Directions for this task
Keep every word the same. Repeat the records without their images.

>>>>>

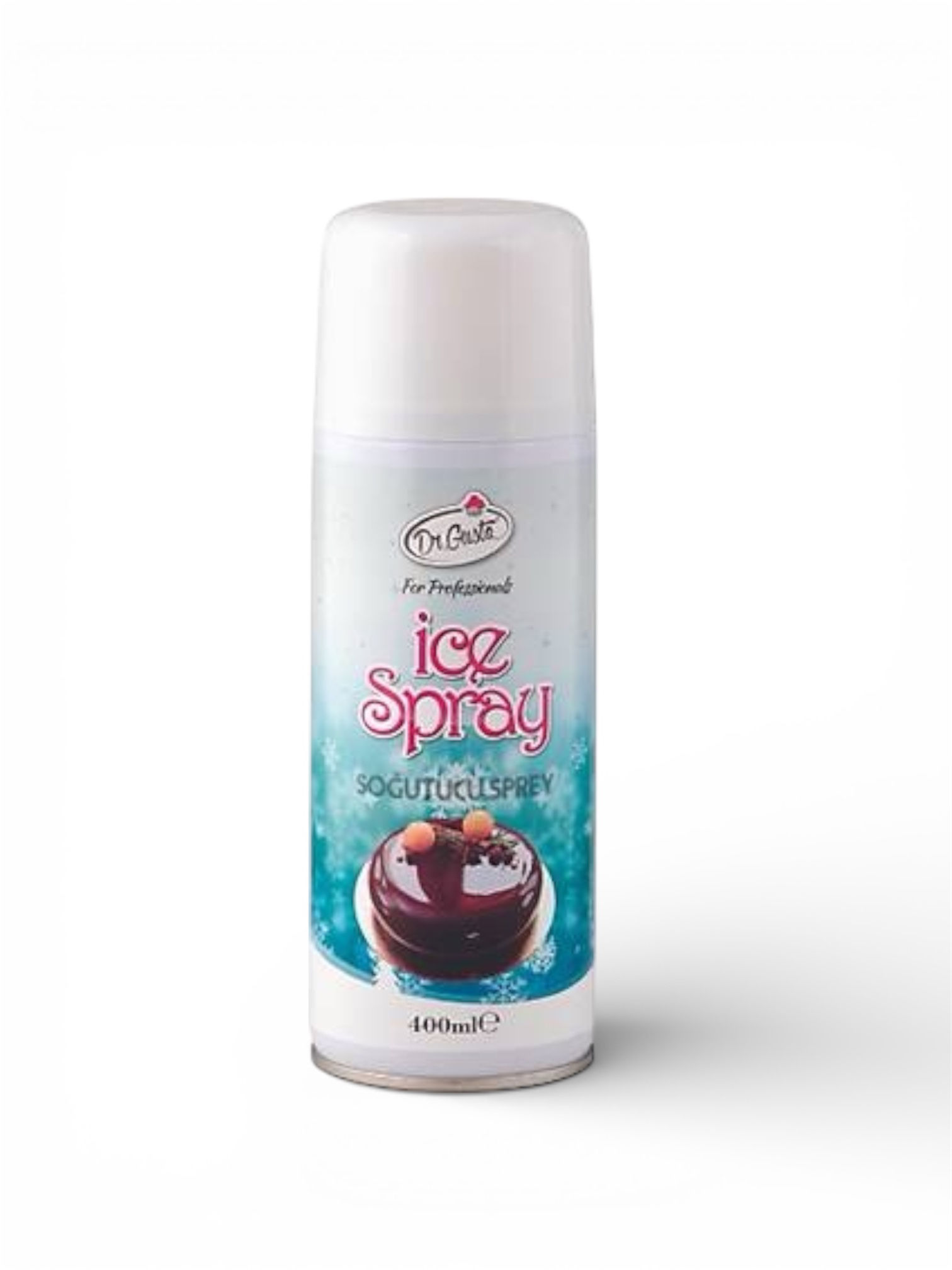 DR.GUSTO SOĞUTUCU SPREY 400 ML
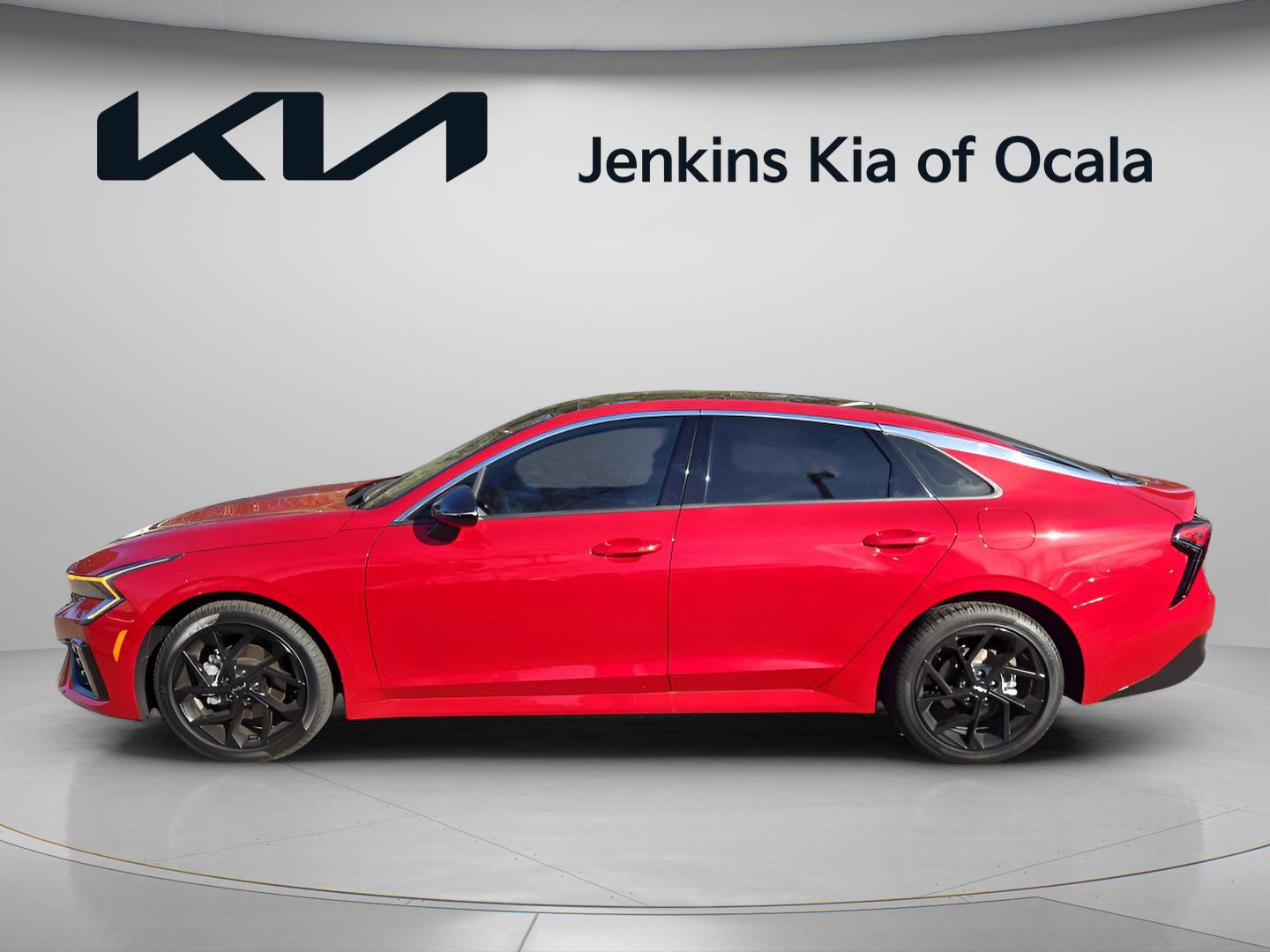 New 2026 Kia K5 GT-Line FWD image 9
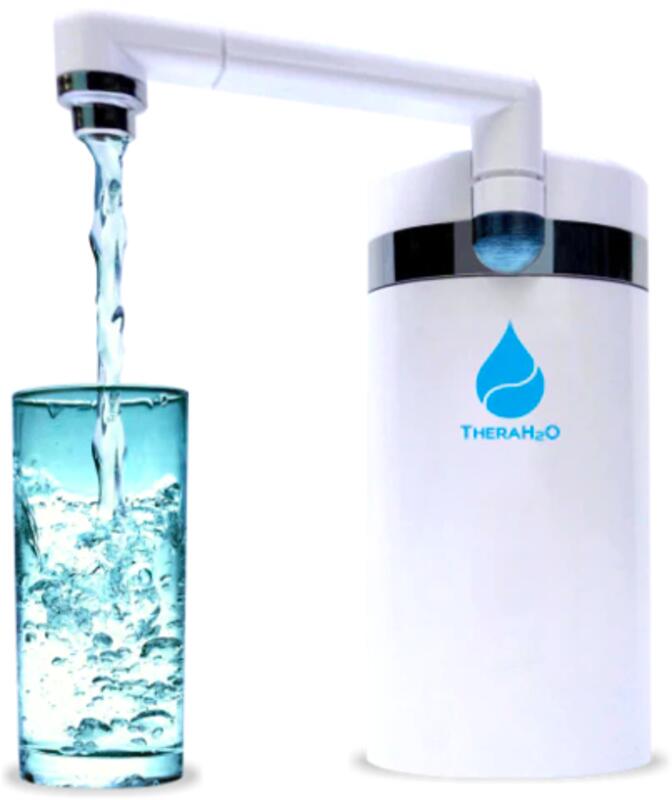 TheraH2O Counter Top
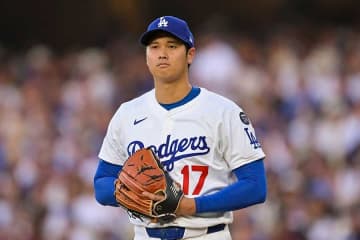 大谷翔平の「I’m back.」にシュワちゃんが反応　映画の名台詞もじり「もうI'll be backじゃない…」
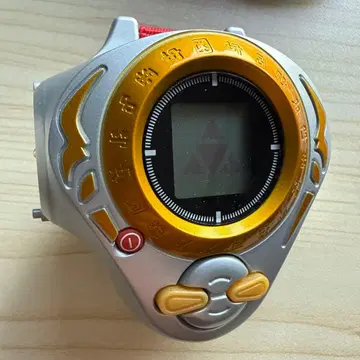 새상품급 디지몬 테이머즈 디아크 얼티밋 version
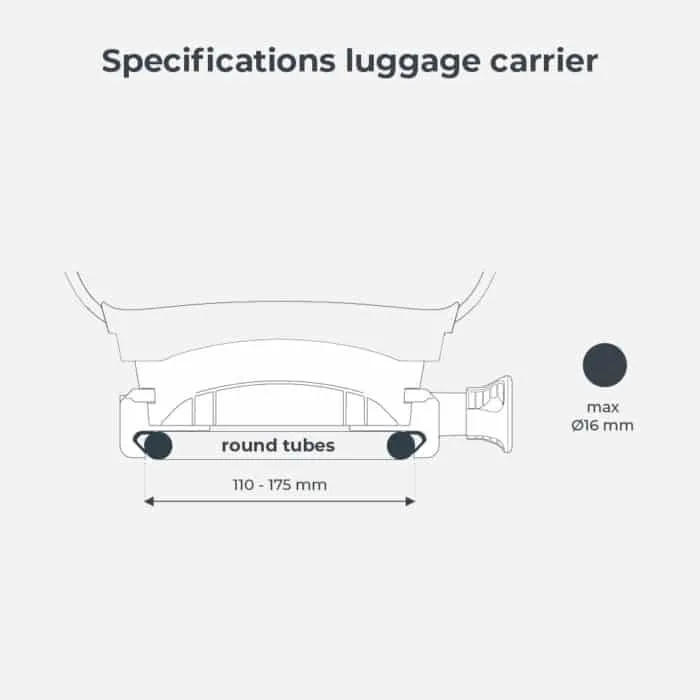 Urban Iki - Ta-Ke Easyfix Rear Seat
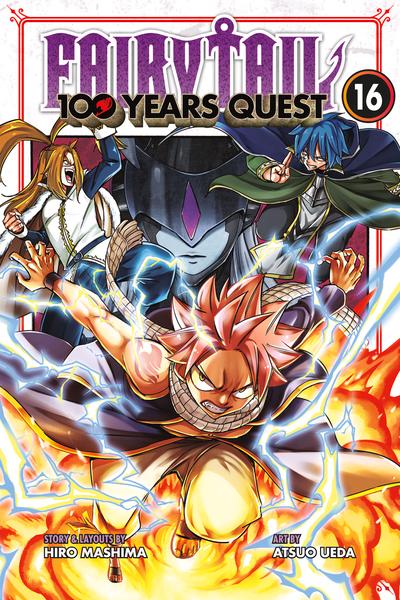 Fairy Tail: 100 Years Quest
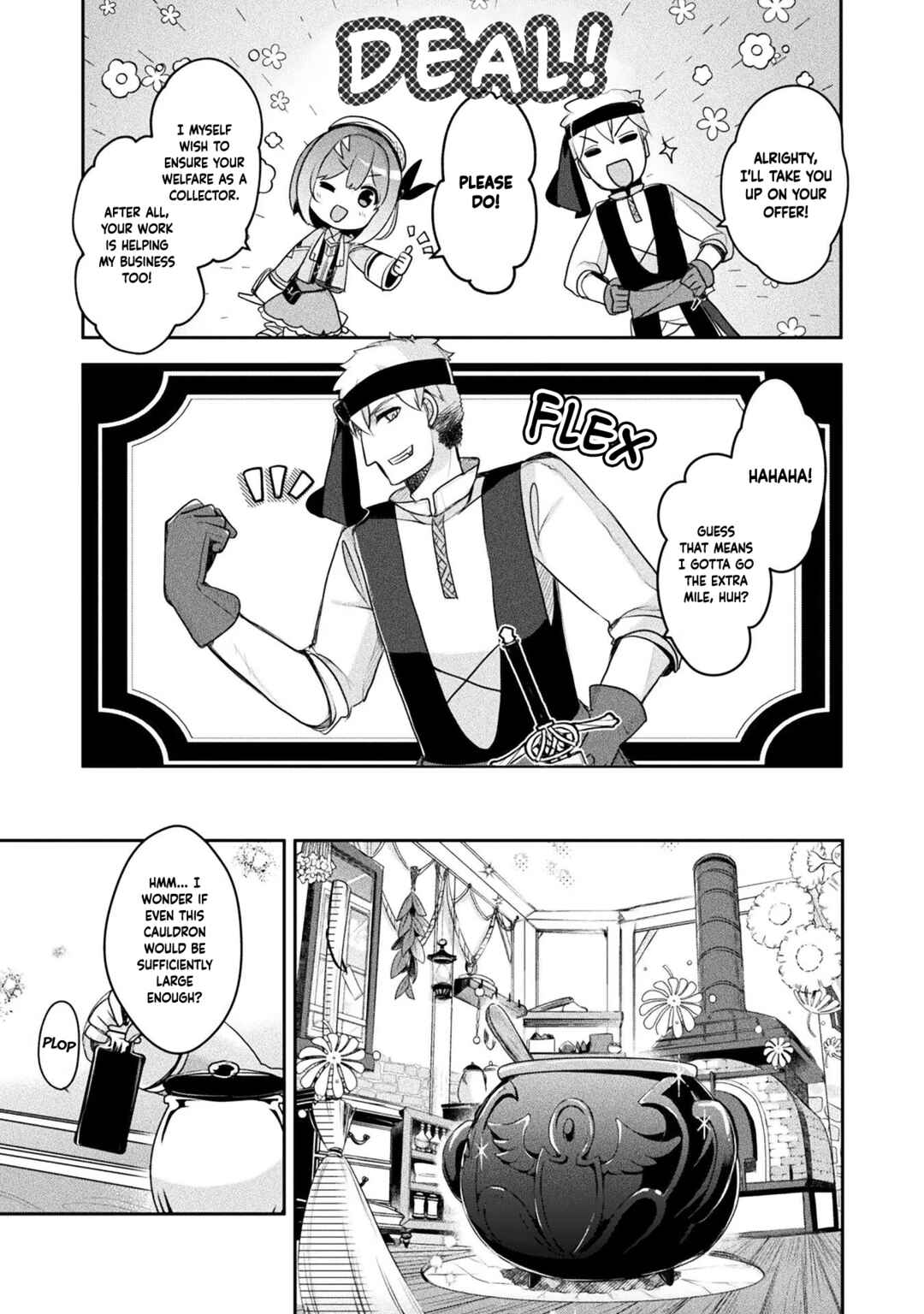 Shinmai Renkinjutsushi no Tenpo Keiei Chapter 19 - Page 8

<<<<<

Response to the exercise
 DR.GUSTO SOĞUTUCU SPREY 400 ML
 New 2026 Kia K5 GT-Line FWD image 9
 TheraH2O Counter Top
 大谷翔平の「I’m back.」にシュワちゃんが反応　映画の名台詞もじり「もうI'll be backじゃない…」
 새상품급 디지몬 테이머즈 디아크 얼티밋 version
 Urban Iki - Ta-Ke Easyfix Rear Seat
 Fairy Tail: 100 Years Quest
 Shinmai Renkinjutsushi no Tenpo Keiei Chapter 19 - Page 8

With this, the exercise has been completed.